C’est pourquoi le Conseil national de l’enseignement supérieur et de la recherche, le CNESER, a demandé à votre ministère, d’une part, « d’apporter tous les moyens matériels, humains et financiers nécessaires pour garantir une qualité pédagogique au moins équivalente à celle observée aujourd’hui dans chacune des filières concernées, sans dégradation des conditions d’études » et, d’autre part, « que le financement de la licence santé ne se fasse pas en redistribuant les moyens initialement alloués aux autres filières universitaires dans le cadre du plan “ réussir en licence ”, comme cela est prévu à ce jour ».
Expliquez-nous, madame la ministre, comment la première année d’études de santé pourrait être également adaptée à ceux qui ne pourront pas devenir médecins, dentistes, sages-femmes ou pharmaciens.
Rien ne nous garantit que la réorientation à l’issue du premier semestre se fera sur le mode du volontariat. Nous n’avons pas d’information sur les filières que les étudiants pourront intégrer au second semestre, ni sur les conditions de cette intégration. Un étudiant ayant perdu tout goût pour les sciences pourra-t-il s’inscrire en sciences humaines ou en droit ?

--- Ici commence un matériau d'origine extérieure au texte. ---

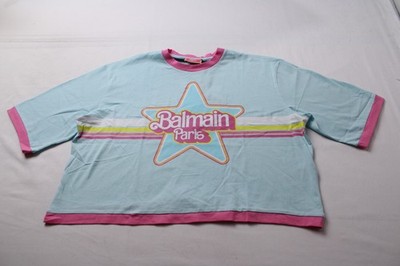 Balmain x Barbie Women's Limited Edition Cropped T-Shirt NC3 Blue Large
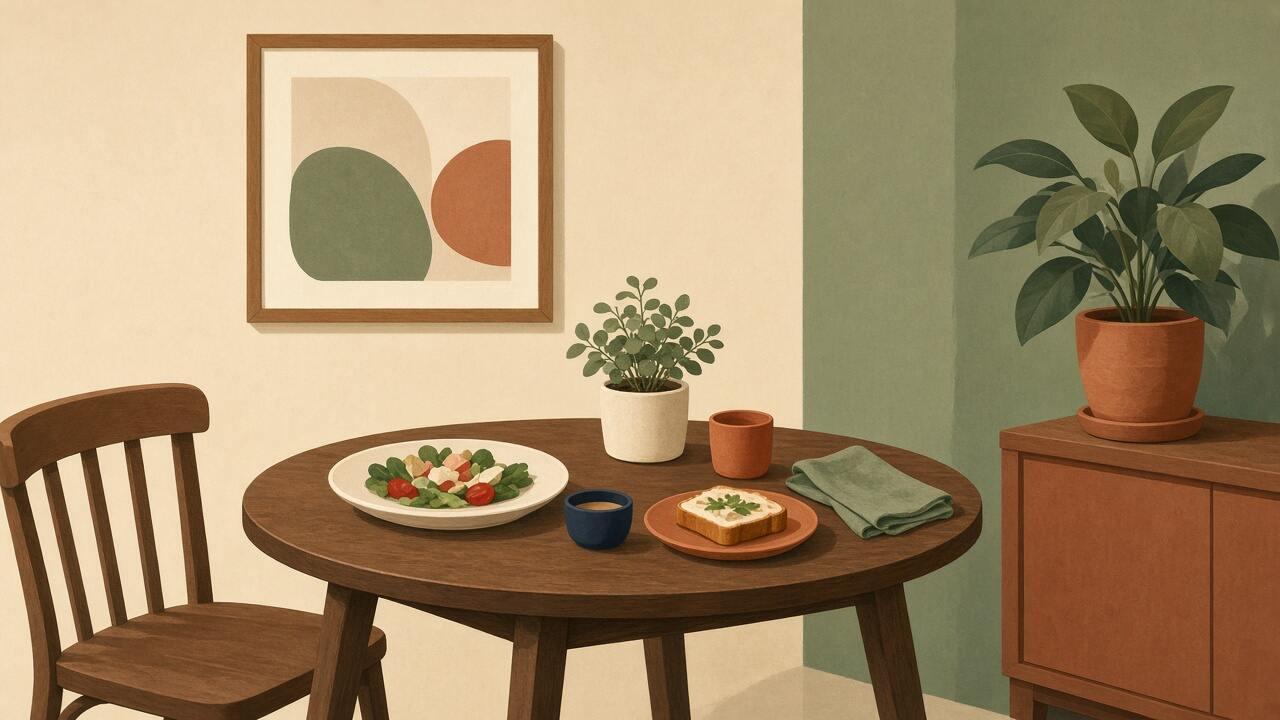 Example illustration of a cafe table. Not a client website.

À ce propos, nous ne disposons d’aucune étude statistique sur le parcours des étudiants sortis du cursus médical ou l’ayant abandonné permettant d’affiner le dispositif de réorientation, afin qu’il soit le plus profitable possible aux étudiants concernés.
À ma connaissance, aucune étude n’a été réalisée sur les résultats du premier semestre des étudiants « primants » et sur leur réussite au concours en tant que redoublants, ce qui leur ferait tout de même gagner un à deux ans par rapport à votre proposition de réorientation précoce. Il ne me semble pas que la boucle de rattrapage qui oblige à faire un cursus de licence complet afin de pouvoir repasser le concours soit la solution la plus appropriée.
Si votre objectif était de ne pas rallonger un cursus déjà très long, force est de constater qu’il est loin d’être atteint.
Vous avez l’occasion, madame la ministre, de donner corps au consensus existant sur la réforme des études de santé, ne la gâchez pas ! Nous partageons le diagnostic : afflux croissant d’étudiants, taux d’échec élevé, difficultés de réorientation, qualité insuffisante des enseignements, bachotage, recours à des officines privées… Nous partagions l’essentiel des objectifs du rapport Bach, bien que moins ambitieux que les conclusions du rapport Debouzie, mais nous ne partageons ni la méthode, ni les modalités de mise œuvre.
Cette proposition de loi pose plus de questions qu’elle n’en résout et conduit notre Haute Assemblée à donner un blanc-seing au Gouvernement. Nous devrions être associés à la préparation des décrets afin de pouvoir nous prononcer en toute connaissance de cause. C’est pourquoi nous demandons le report de son application. (Applaudissements sur les travées du groupe socialiste et du groupe CRC-SPG.)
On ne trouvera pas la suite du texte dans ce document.